An average shelter does not typically accept pets, Emily Cook, the marketing and communications manager of the Humane Society of Charlotte, says, but in order to encourage owners to bring their pets with them, the shelters made accommodations. “Whatever happens, please don’t leave your pets behind,” she says. “When they’re scared of the storm and the weather, they may take off. They can get lost, hurt, or trapped.”

The Humane Society has also taken in roughly 60 to 70 animals from rescues along the coast, and they expect more. They’ve moved most of their HSC animals to foster homes and to Pet Palace and Dogtopia. With the influx of animals, Cook says, they’ve also experienced a tremendous wave of support. “We have had an absolute influx of community members offering to volunteer. We’ve had a lot of people dropping off supplies,” she says. “The best way to help now is to donate.”

While the city waits to see what impacts Hurricane Florence will bring, here are some to ensuring the safety of your pets:

Make a list of all pet-friendly shelters in your area. Check the Red Cross’ website for help finding a shelter near you.

Keep your pet carrier or crate nearby for easy access if needed.
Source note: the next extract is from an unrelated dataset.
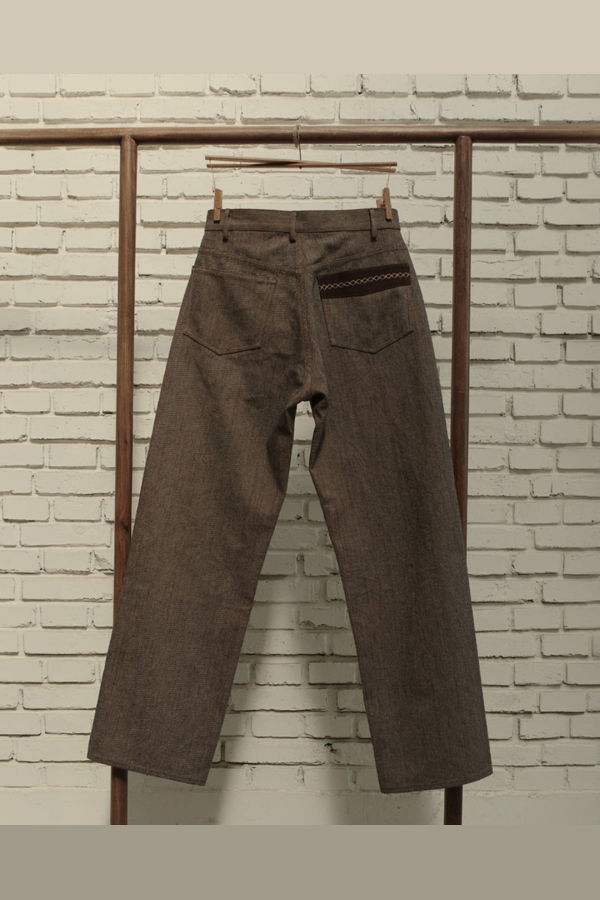AVIVA JIFEI XUE Persimmon Back Denim 5 Pocket Pant
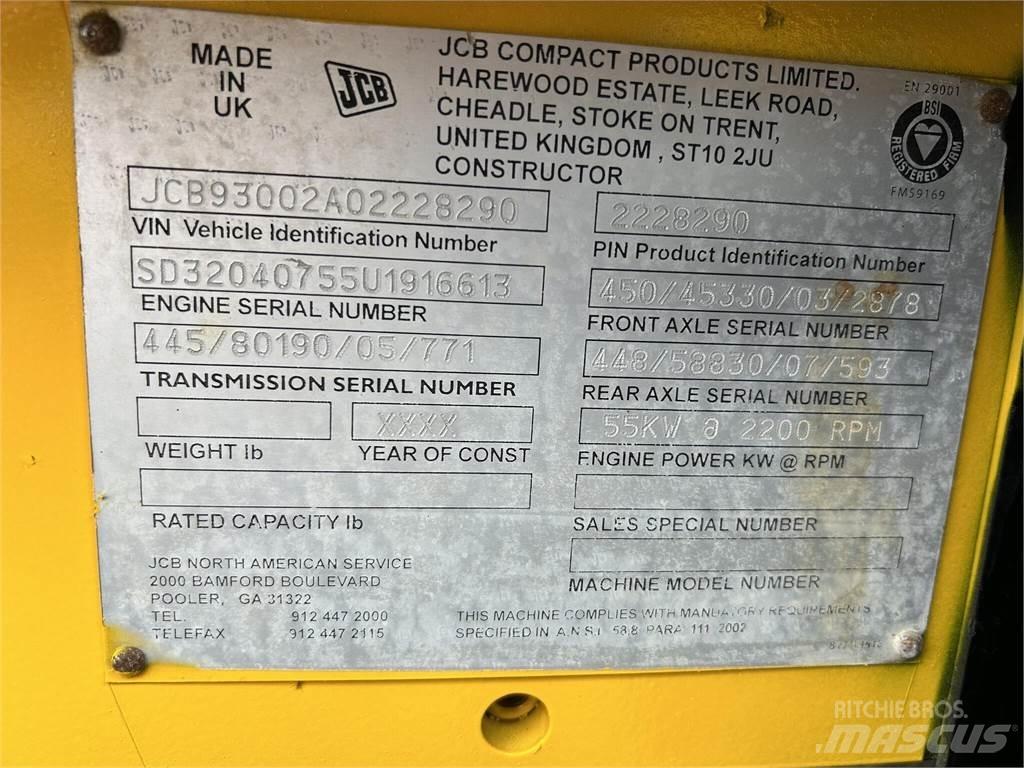 JCB 930 Φορτηγά ανώμαλου εδάφους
Make sure to have a harness and/or leash accessible as well.

Secure your pets in a quiet location in your home and stay with them to provide comfort. “Animals are most comforted when they’re in a familiar environment and with their owners,” Cook adds.

Call 311 to reach Animal Care & Control if you need assistance with your pet or have concerns about the well-being of another animal.

Ensure you have enough food and water for your pets, too. Ideally you want at least a three-day supply of the amount of food and water your pet typically consumes.